In 2016, Lawrence’s largest spikes in Airbnb guests occurred during big football weekends such as the Nov. 12 game against Iowa State, the Nov. 29 game against Texas and the Oct. 22 game against Oklahoma State, according to Airbnb. The most expensive rental — $1,500 per night with accommodations for up to 10 people — is a listing that notes its proximity to Memorial Stadium.

Hosts can rent out an entire house or just one room, and the latter accommodation accounts for about 60 percent of Lawrence properties, according to Airbnb. Breit said that all Airbnb properties, regardless of arrangement, will be subject to the new tax agreement.

And as of now, no matter the type accommodation, all violate local ordinance if located within the city limits.

Because the code doesn’t allow for short-term rentals, McCullough said that currently there isn’t even a system in place for hosts to get their properties licensed to run such a business.

“There is really no permit available for it,” McCullough said. “Our code just doesn’t allow it. You’ve got to be a bed and breakfast or a hotel or a motel to do transient accommodations.”


Despite the lack of regulation, there is still some city oversight for short-term rentals.

McCullough said that the city will ask a host to stop renting their property if a complaint is received.

“We’re not ignoring it,” McCullough said. “We’re actively enforcing when we get a complaint.”

McCullough said in general complaints are from neighbors, and two such complaints were received last year. He said that generally, complaints are associated with the impact of transient use on the neighborhood.

“Just the unknown of who is in the house next door, what new cars are in the neighborhood, the traffic that it brings, and the potential to become a party house, if not a party house for that weekend,” McCullough said. “And so it’s what differentiates the traditional, single-family residential neighborhood from transient accommodations. There’s a reason that zoning has that distinction.”

McCullough said in those instances, the city’s initial response is to send a letter asking the host to cease operating, and further action can be pursued if the host does not comply.

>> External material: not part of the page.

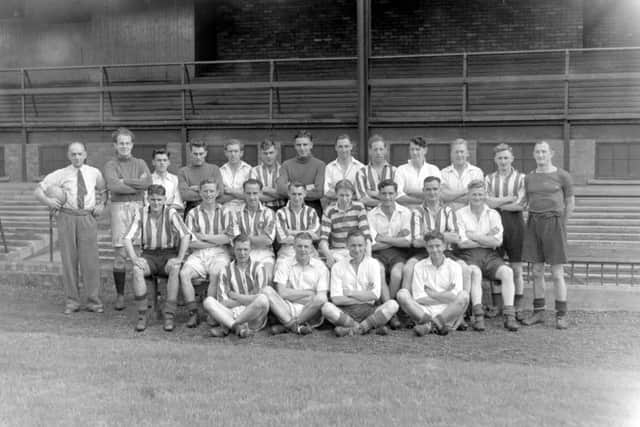 Sunderland FC team circa 1946/7.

Given his experience in the rental market in Lawrence, Herbert said he actually sees a short-term rental as having less impact on the neighborhood than a long-term rental because he said there’s often a greater need to keep the property in good shape.

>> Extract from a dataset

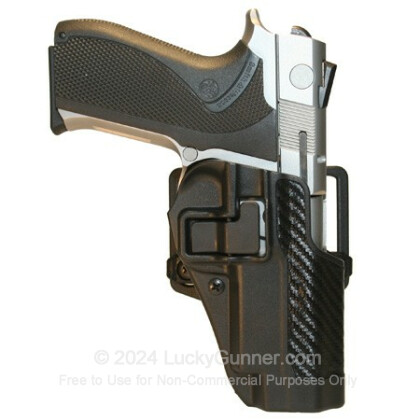 Large image of Blackhawk Concealment Holsters For Sale - Blackhawk Serpa Carbon Fiber Finish Concealment Holsters for 1911 Government Pistols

“I don’t see this as something that’s going to come in the community and start destroying and eroding our neighborhoods,” Herbert said. “The impact that long-term rentals have on a residential neighborhood is going to be far greater than the impact that Airbnb would ever have.”

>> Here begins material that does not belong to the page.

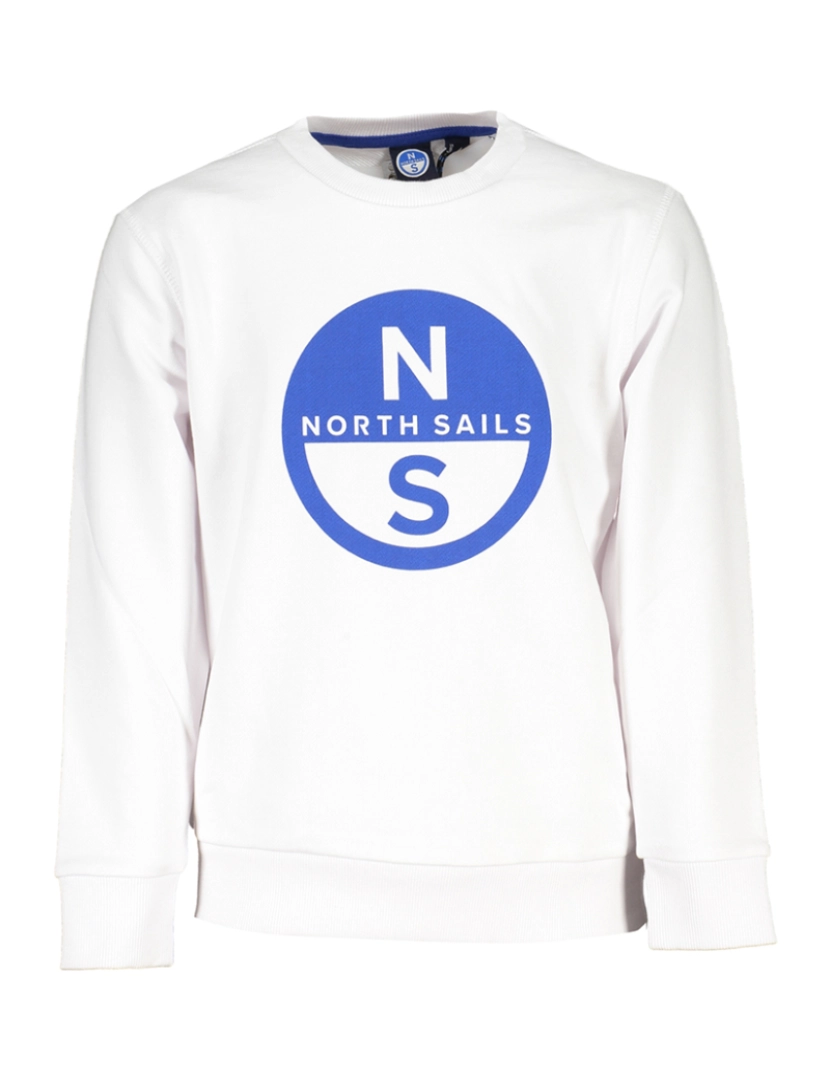 North Sails - Camisola Homem Branco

Still, Herbert acknowledged that the industry has its critics who say it encroaches on existing local hotels. Several local hotel operators did not return calls for this article. However, Herbert said that home-sharing and short-term rentals are where trends are heading.

“We’re just asking for these individuals to be given a chance to operate in the same free market that everyone else operates in,” Herbert said. “To me, it’s no different than (the ride-sharing company) Uber; taxi companies don’t like Uber, but this is kind of a 21st century shared economy.”

Potential changes

When considering zoning and regulation, the report will include a summary of what other cities are doing. McCullough said the report will indicate how cities similar in size and characteristics to Lawrence are handling short-term rentals.

McCullough said that information can be used by commissioners to decide whether they want to address the regulation of short-term rentals, and what might that procedure look like should they elect to do so.

McCullough said information is still being gathered for the report, which is not yet in its first draft. He said he expected it to be complete and brought before the City Commission within the next few months.

“What we haven’t done, and what this research will help us get direction to, is understand if we want to take a different direction with it and build codes that accommodate the use,” McCullough said.